The Mary Backus Rankin East Asian Reading Room in Mergenthaler Hall contains a major collection of scholarly works on China and East Asia, donated to the program by Dr. Rankin. This is a non-circulating collection.
A student of John King Fairbank at Harvard, from which she received her PhD in 1966, Mary Rankin is one of the most important American historians of late imperial and modern China. She has also been over several decades a devoted friend of East Asian studies at Johns Hopkins, a mentor to our faculty and graduate students, and a pillar of Chinese studies in the wider mid-Atlantic region.

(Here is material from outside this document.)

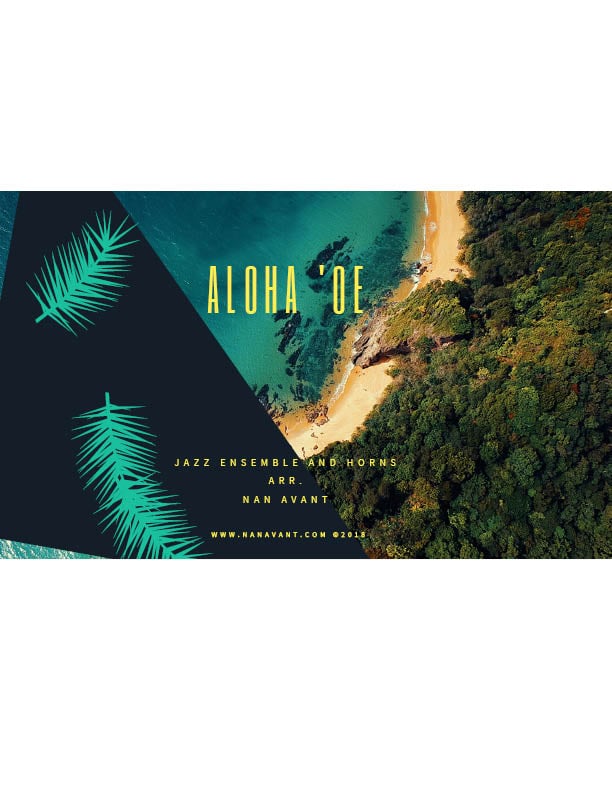 Aloha 'Oe
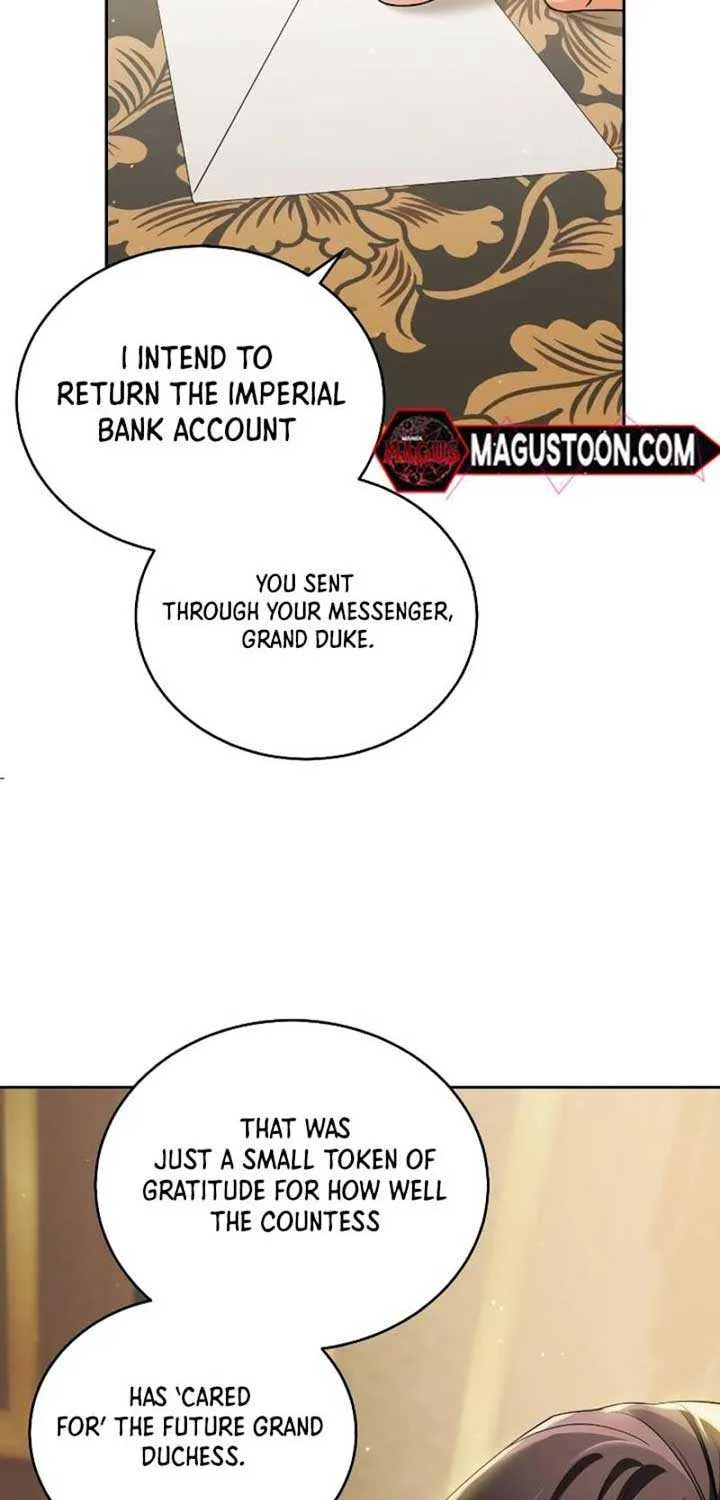 The Archduke’s Flower Is In Jeopardy Chapter 13 page 61 -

Mary’s dissertation and the book that came out of it, Early Chinese Revolutionaries: Radical Intellectuals in Shanghai and Chekiang, 1902–1911 (Harvard 1971), essentially transformed our understanding of China’s Republican Revolution of 1911. Prior to this time, that revolution was understood primarily as the work of the heroic “father of his country,” Sun Yat-sen, and of the Revolutionary Alliance, the antecedent of today’s Nationalist Party, that Sun organized and led. Expansion beyond an appreciation of Sun’s personal role had been limited to a few studies of some of Sun’s closest allies, such as Huang Xing and Song Jiaoren. By focusing her research on the incendiary activities of groups of young people, mostly students, who were quite outside of Sun’s orbit, Early Chinese Revolutionaries opened our eyes to the fact that 1911 was a far more diverse and complicated phenomenon than we had assumed. The book also helped pave the way for a new social history, not only of the revolution, but of modern Chinese history more broadly.

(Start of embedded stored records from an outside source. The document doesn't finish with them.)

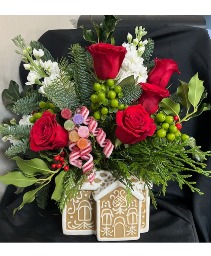 Gingerbread Dreams 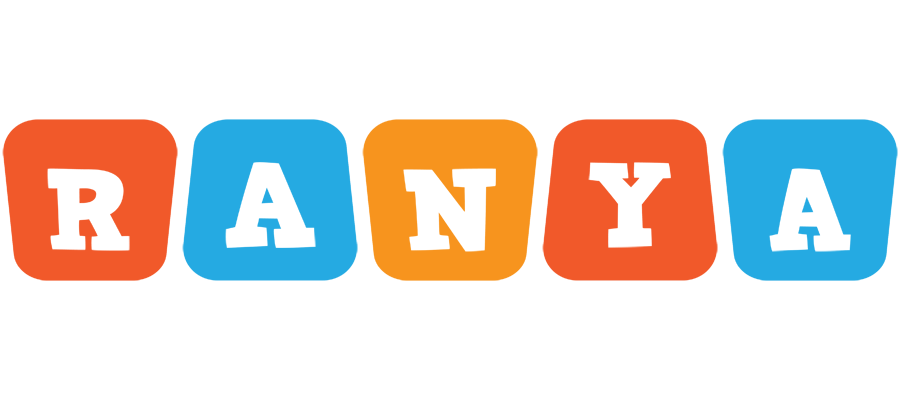 Ranya comics logo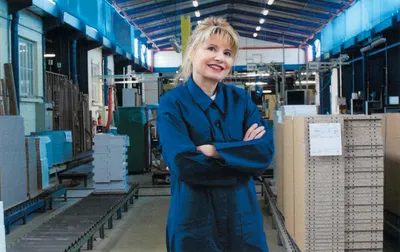 Fabienne Delahaye MIF Made in France pochette cadeau économie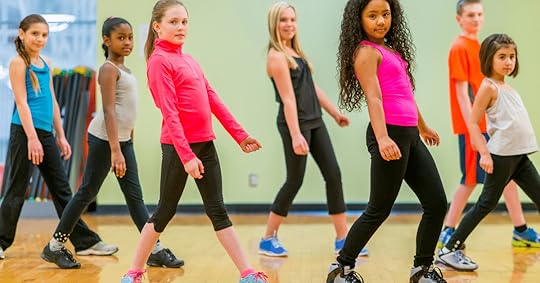 Dance Styles Available to Children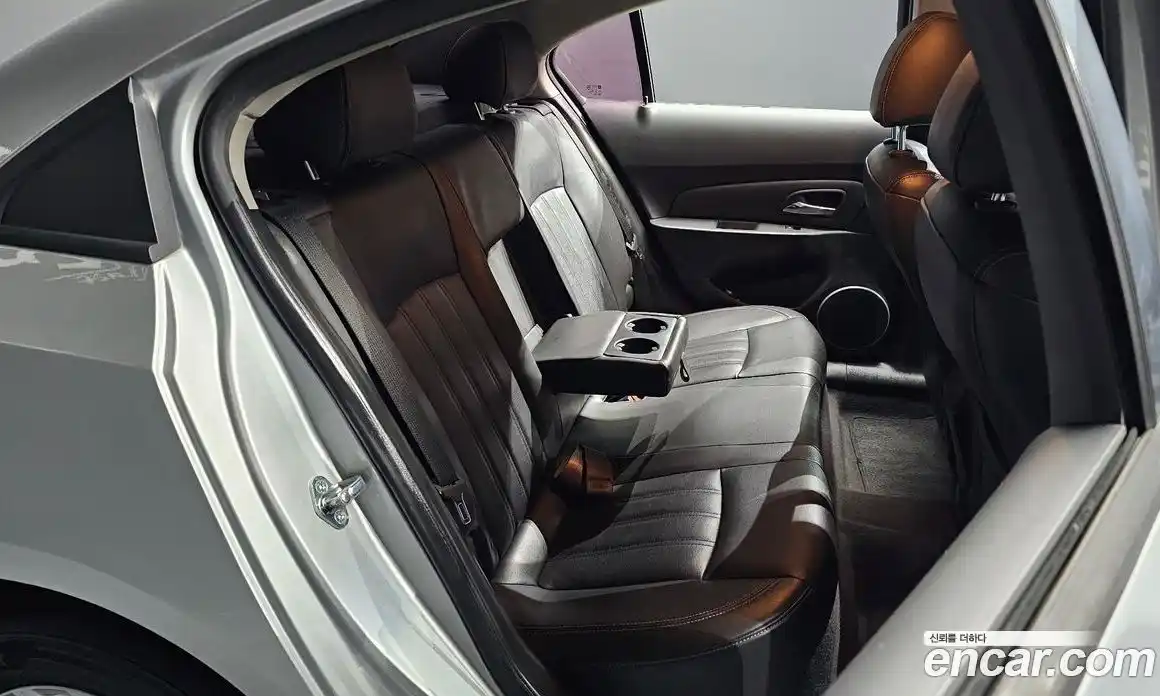 Chevrolet Cruze 2012 1.8 гидро в Москве № 105532, фото 12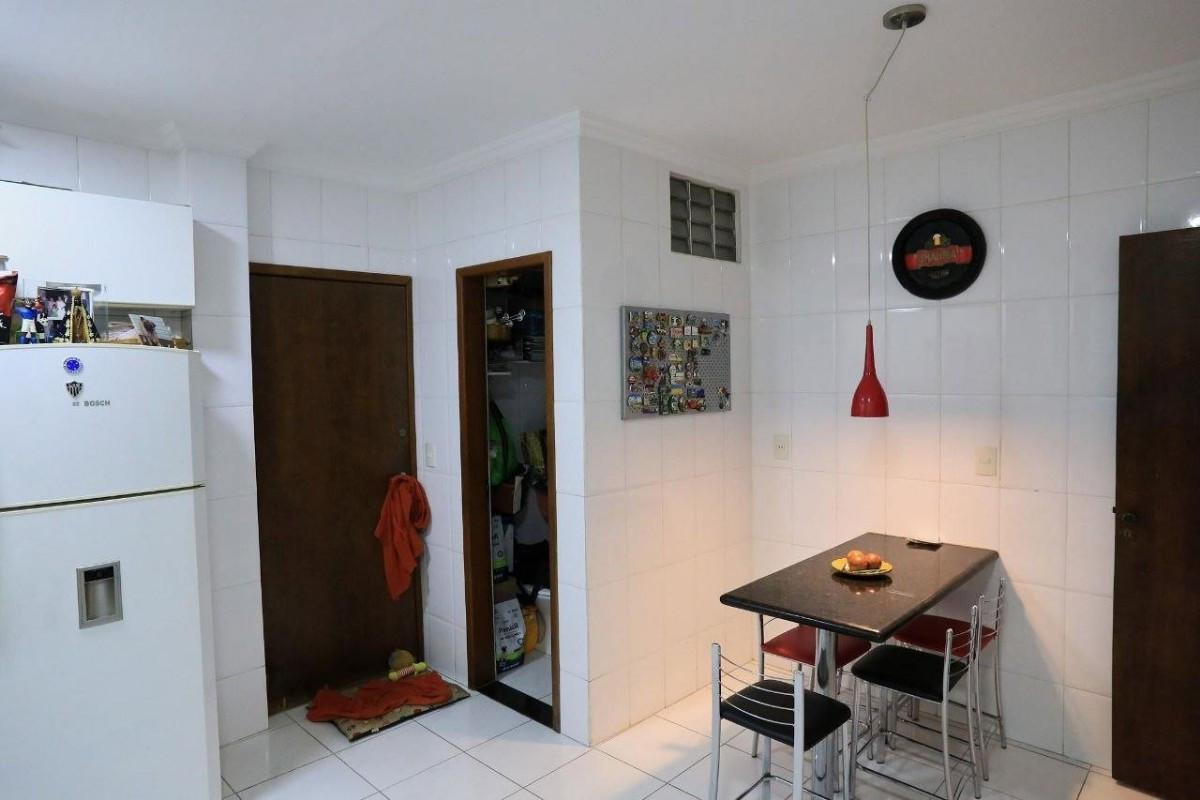 Apartamento, Renascença, 3 Quartos, 1 Vaga, 1 Suíte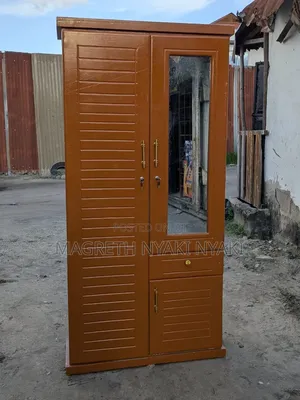 Kabati La Milango 2 Imetumika Kidogo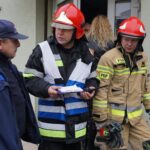 22.11.2019. Kielce. Wybuch gazu w domu przy ul. Żurawiej / Kamil Król / Radio Kielce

It did one more thing of great importance. Central among the young revolutionaries upon whom Mary focused, in this book and even more in her related 1968 article “The Tenacity of Tradition,” was Qiu Jin (1877–1907), a woman. Mary’s article was in fact a landmark in what one later scholar called “engendering the Chinese revolution”—awakening scholars to the critical part played by women in the processes of Chinese history, revolutionary and otherwise. Both because of her own femininity and her choice of a feminine protagonist, Mary served as inspiration for innumerable young female scholars of modern China who would follow in her wake.
Mary’s second monograph, Elite Activism and Political Transformation in China (Stanford 1986), solidified her leadership in the field of late imperial social history, and is in my opinion one of the most important works in that field published in the past half century. Philip Kuhn in 1970 had demonstrated how militia leadership in the face of the Taiping threat had shifted the balance of power in local society decisively away from local officials—paid representatives of the central imperial authority—into the hands of local literati landowners. Taking off from this, Mary’s book showed how this local elite power was progressively solidified in the era of postwar reconstruction, and over the next half century was coordinated, expanded, and politicized, so that by 1911 imperial rule could be dispensed with, less as a hated undemocratic imposition, than as simply superfluous to the effective governance of the localities and the nation. A few years later, Mary convened a conference and edited a volume, Chinese Local Elites and Patterns of Dominance (California 1990, co-edited with Joseph W. Esherick), which brought together work by a dozen or so younger scholars—myself included—who had been profoundly influenced by her work in the conduct of their own, interrelated studies of local history.
This latter volume is but one testament to Mary’s legacy as a mentor. Ironically, for one who by choice never held a regular faculty position, Mary has been arguably the most influential teacher in the field of Chinese social history. She has done this through a number of means. First was her ready willingness to read and comment in detail on work in progress by younger scholars. Second was her service for more than a decade as co-editor of the vanguard journal in the field, then known as Ch’ing-shih wen-t’i and now as Late Imperial China. And third was her hosting of a monthly meeting of area specialists in this field for discussion of new scholarship, convened most often in “Rankin’s salon,” that is, the living room in her Georgetown home. This salon served as incubator for some of the most important new work on Chinese history produced during the past several decades. With Mary’s departure to Montana, that incubator will be missed, but we hope that the new Reading Room named in her honor will have something of the same effect.